▸ DATA BLOCK
☆ ☆ ☆
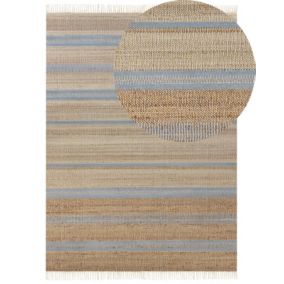 Tapis tressé boho en tissu beige TALPUR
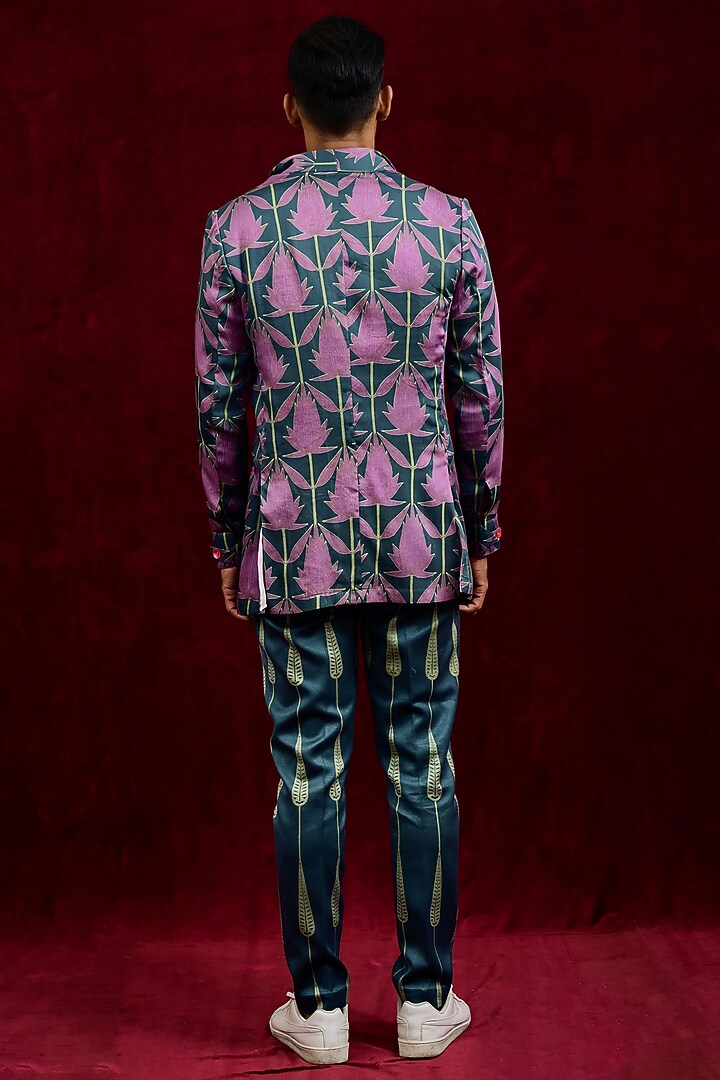 Teal & Mauve Modal Silk Hand Painted Oversized Party Wear Shirt by Gaurav Katta at Pernia's Pop Up Shop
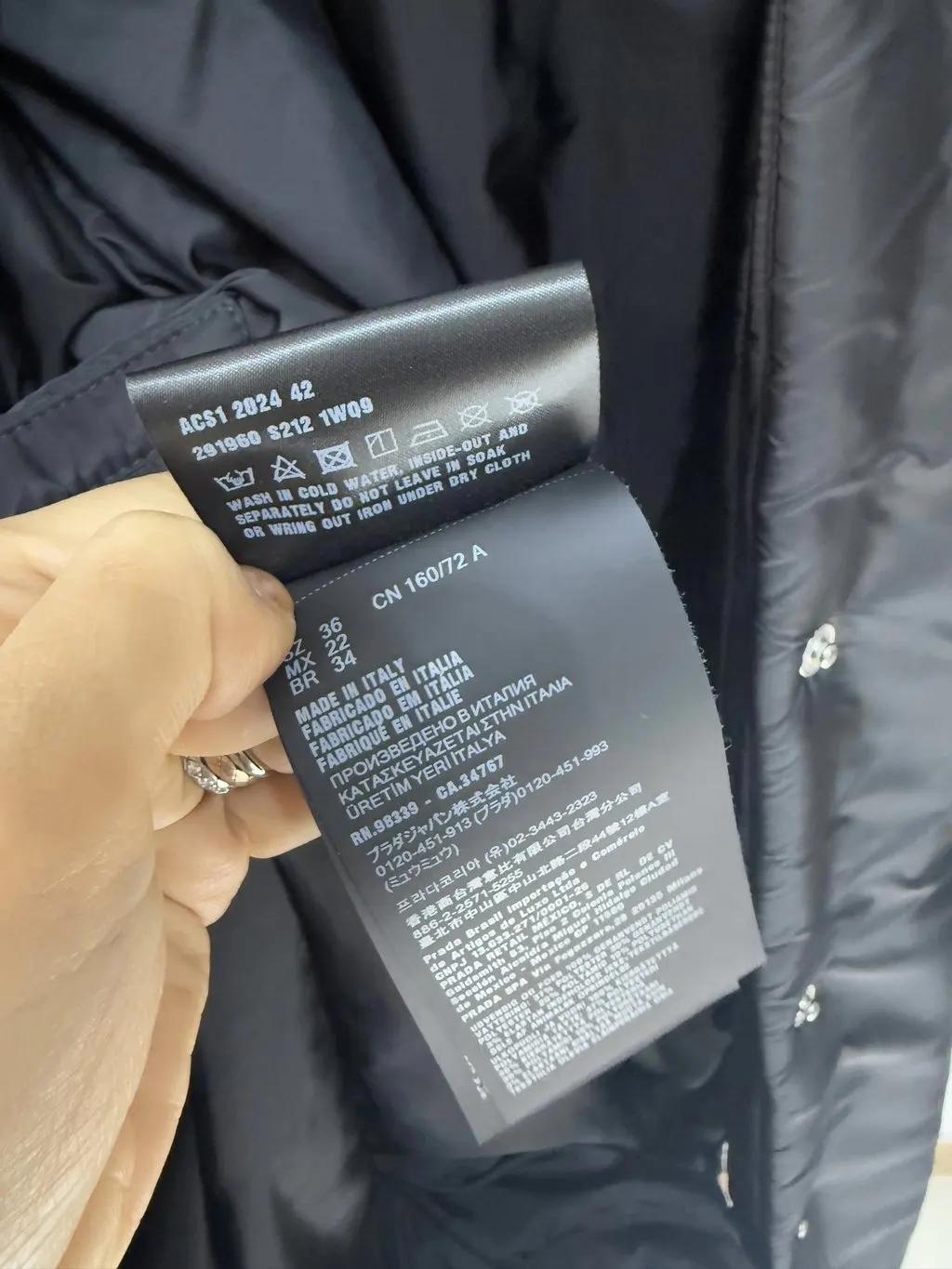 Prada Cotton Coat MultiColor Cotton Never worn - Model View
☆ ☆ ☆
▸ BRIEF
From the first line to the last, write out the data exactly, omitting any pictures.

▸ RESULT FOR THIS TASK
 Tapis tressé boho en tissu beige TALPUR
 Teal & Mauve Modal Silk Hand Painted Oversized Party Wear Shirt by Gaurav Katta at Pernia's Pop Up Shop
 Prada Cotton Coat MultiColor Cotton Never worn - Model View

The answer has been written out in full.